Exercise directions =>
In the records below, the lines from the one with "Foger Switch Pro 30K Puff Disposable" through the last are to be printed exactly, and nothing else.

Data under study =>

:::::

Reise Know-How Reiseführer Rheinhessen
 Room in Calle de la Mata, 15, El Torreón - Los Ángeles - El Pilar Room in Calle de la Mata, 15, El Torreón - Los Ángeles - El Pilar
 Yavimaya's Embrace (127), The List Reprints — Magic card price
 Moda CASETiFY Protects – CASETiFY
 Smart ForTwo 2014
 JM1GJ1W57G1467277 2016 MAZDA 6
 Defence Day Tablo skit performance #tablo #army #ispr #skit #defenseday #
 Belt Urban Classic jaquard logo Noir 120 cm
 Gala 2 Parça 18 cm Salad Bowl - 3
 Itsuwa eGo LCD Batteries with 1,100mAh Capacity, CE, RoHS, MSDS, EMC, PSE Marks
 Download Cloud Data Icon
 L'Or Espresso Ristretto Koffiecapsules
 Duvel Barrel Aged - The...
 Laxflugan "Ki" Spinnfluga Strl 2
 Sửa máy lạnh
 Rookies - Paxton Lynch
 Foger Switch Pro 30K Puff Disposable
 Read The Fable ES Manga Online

:::::

Solution =>
 Foger Switch Pro 30K Puff Disposable
 Read The Fable ES Manga Online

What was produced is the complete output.